All lines of the entries with "Size" in them must be listed.

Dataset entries

= Beginning of Section =

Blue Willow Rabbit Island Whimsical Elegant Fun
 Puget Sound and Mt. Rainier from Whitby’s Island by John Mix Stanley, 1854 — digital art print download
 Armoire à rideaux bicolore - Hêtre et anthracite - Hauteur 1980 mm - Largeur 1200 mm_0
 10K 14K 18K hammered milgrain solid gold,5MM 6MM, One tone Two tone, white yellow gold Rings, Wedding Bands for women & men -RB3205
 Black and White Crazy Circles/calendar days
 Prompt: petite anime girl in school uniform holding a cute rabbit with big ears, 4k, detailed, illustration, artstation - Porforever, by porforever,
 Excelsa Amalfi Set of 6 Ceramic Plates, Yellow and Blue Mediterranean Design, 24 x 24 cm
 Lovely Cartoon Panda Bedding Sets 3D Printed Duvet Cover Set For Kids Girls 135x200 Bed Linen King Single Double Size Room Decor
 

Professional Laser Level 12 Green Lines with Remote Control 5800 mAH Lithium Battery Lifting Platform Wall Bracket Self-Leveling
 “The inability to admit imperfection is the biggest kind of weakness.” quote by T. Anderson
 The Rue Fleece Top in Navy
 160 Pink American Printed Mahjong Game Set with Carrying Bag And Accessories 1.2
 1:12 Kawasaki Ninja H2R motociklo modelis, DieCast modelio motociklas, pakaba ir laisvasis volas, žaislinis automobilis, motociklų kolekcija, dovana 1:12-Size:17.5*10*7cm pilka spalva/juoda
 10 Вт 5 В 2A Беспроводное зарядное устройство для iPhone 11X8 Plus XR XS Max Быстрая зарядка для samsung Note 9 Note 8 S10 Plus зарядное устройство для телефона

= End of Section =

- Solution for this exercise:
 Lovely Cartoon Panda Bedding Sets 3D Printed Duvet Cover Set For Kids Girls 135x200 Bed Linen King Single Double Size Room Decor
 1:12 Kawasaki Ninja H2R motociklo modelis, DieCast modelio motociklas, pakaba ir laisvasis volas, žaislinis automobilis, motociklų kolekcija, dovana 1:12-Size:17.5*10*7cm pilka spalva/juoda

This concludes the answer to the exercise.